[What you are asked to do] Every line below needs to be transcribed without alteration, and no image may be carried over.

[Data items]

::::::::

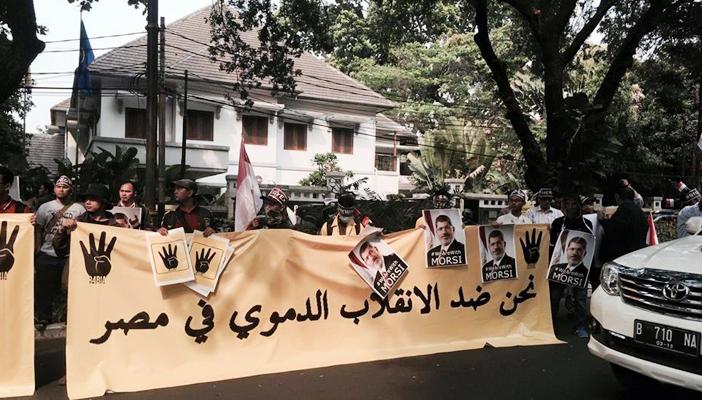 بالصور.. وقفة في جاكرتا تنديدًا بجرائم حكم العسكر في مصر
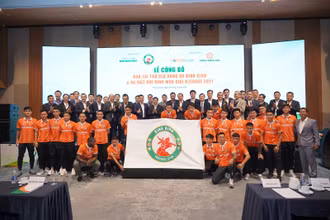 Ban huấn luyện và các cầu thủ trong CLB Bóng đá Topenland Bình Định chụp hình lưu niệm với lãnh đạo tỉnh ủy tỉnh Bình Định, lãnh đạo Tập đoàn Hưng Thịnh và đại diện các nhà tài trợ.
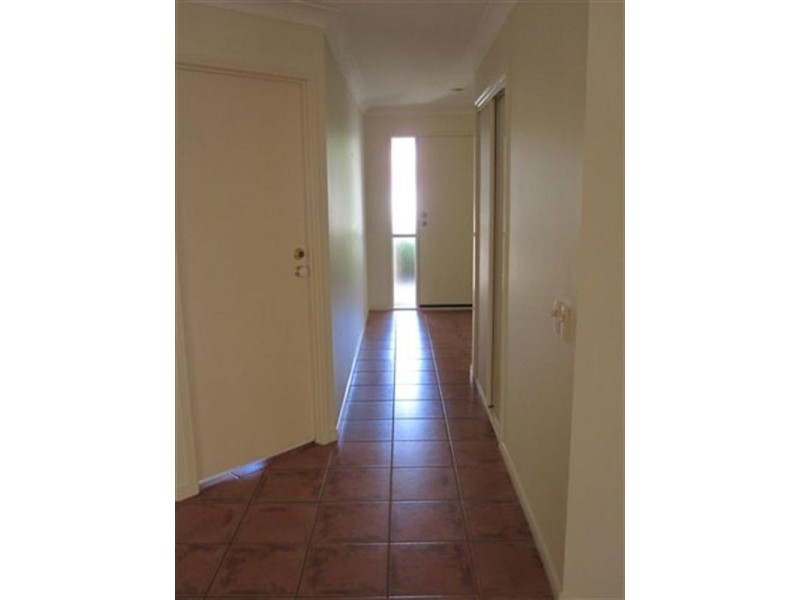 35 Marble Arch Place, Arundel QLD 4214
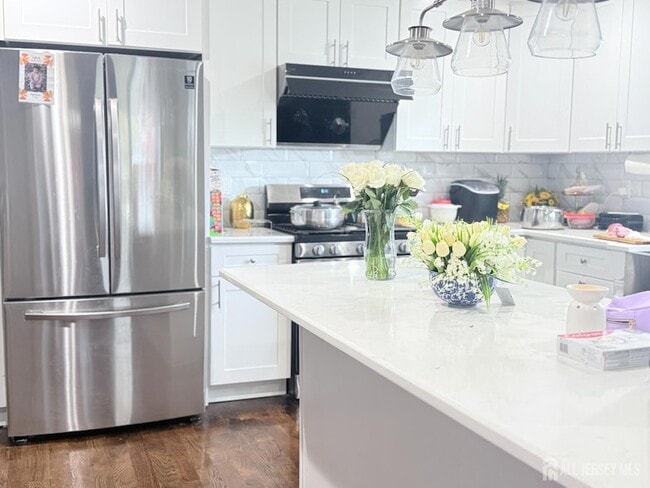 Foto del edificio - 42 Nelson Ave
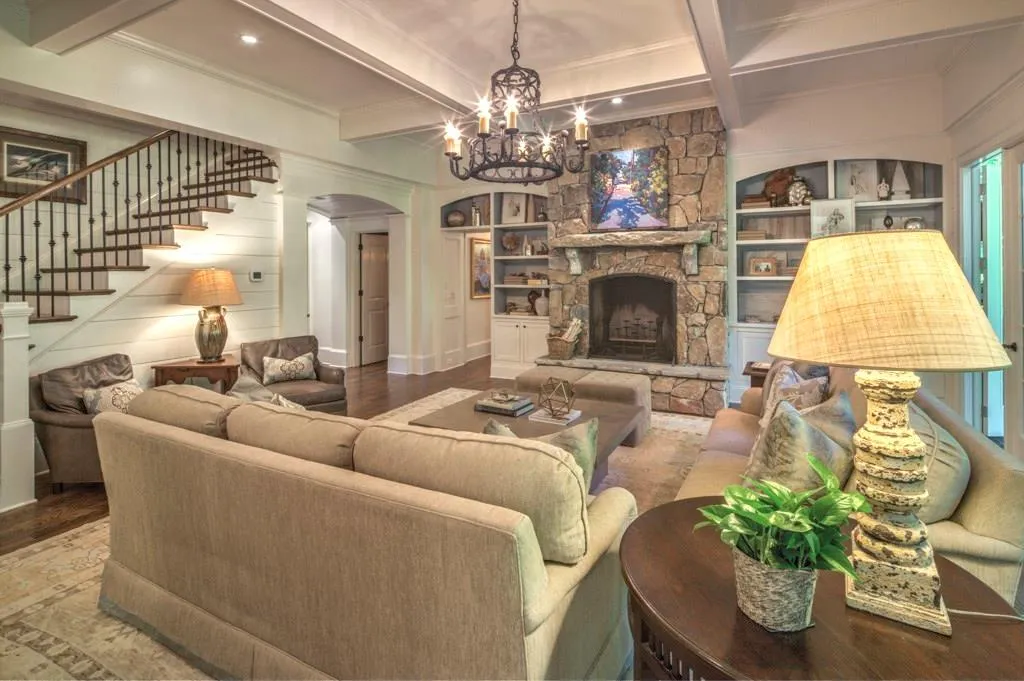 377 Tara Trail, Sandy Springs, Georgia 30327, 6 Bedrooms Bedrooms, ,6 BathroomsBathrooms,Residential,Sold,377 Tara Trail,5789055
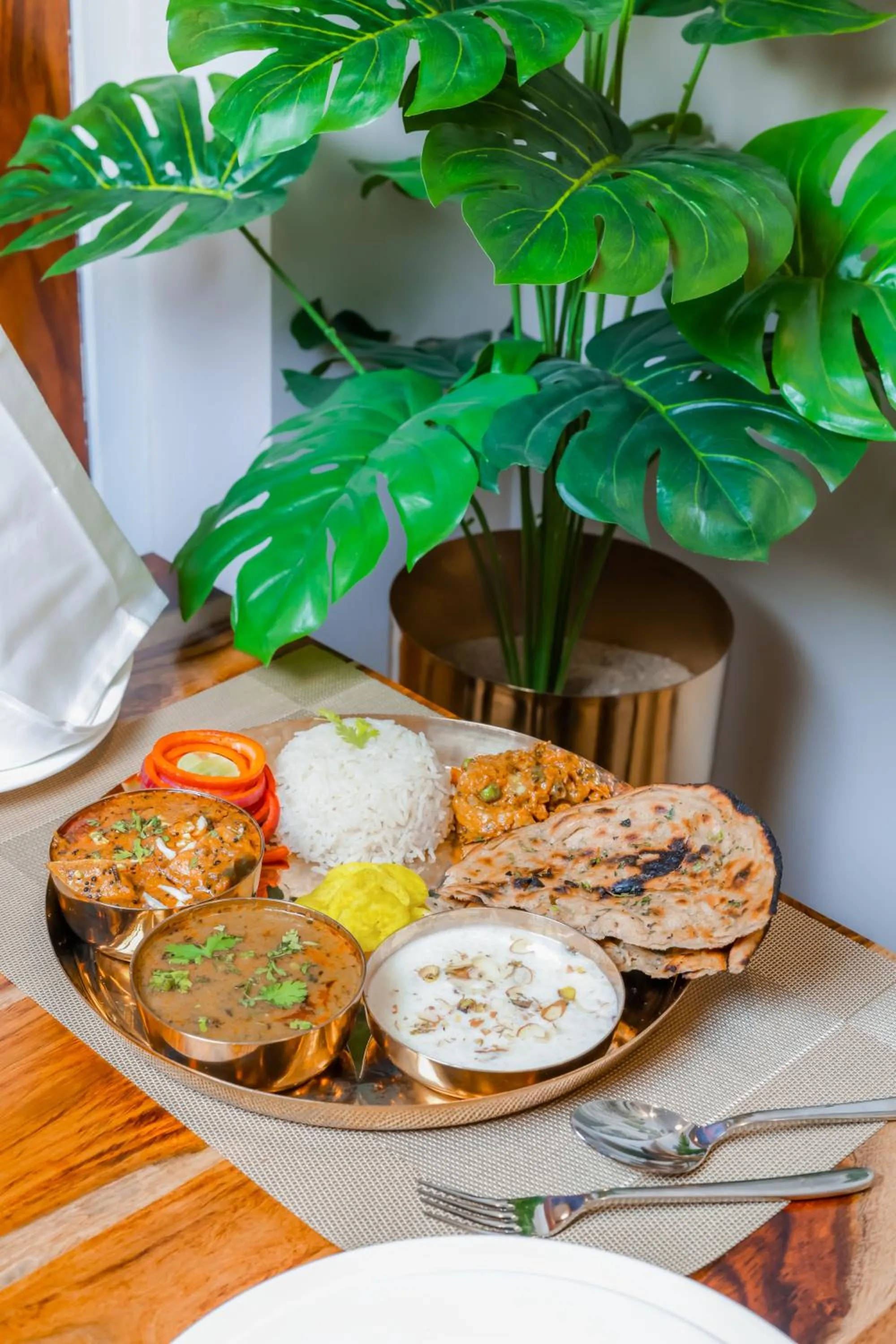 Restaurant/places to eat in Ananyamaya nature lodge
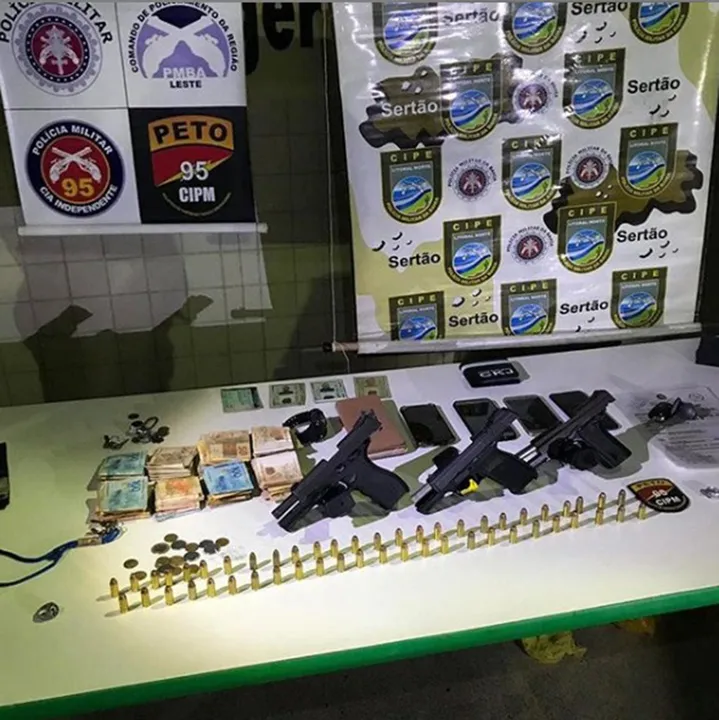 Os suspeitos portavam arma de uso restrito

::::::::

[Exercise output]
 بالصور.. وقفة في جاكرتا تنديدًا بجرائم حكم العسكر في مصر
 Ban huấn luyện và các cầu thủ trong CLB Bóng đá Topenland Bình Định chụp hình lưu niệm với lãnh đạo tỉnh ủy tỉnh Bình Định, lãnh đạo Tập đoàn Hưng Thịnh và đại diện các nhà tài trợ.
 35 Marble Arch Place, Arundel QLD 4214
 Foto del edificio - 42 Nelson Ave
 377 Tara Trail, Sandy Springs, Georgia 30327, 6 Bedrooms Bedrooms, ,6 BathroomsBathrooms,Residential,Sold,377 Tara Trail,5789055
 Restaurant/places to eat in Ananyamaya nature lodge
 Os suspeitos portavam arma de uso restrito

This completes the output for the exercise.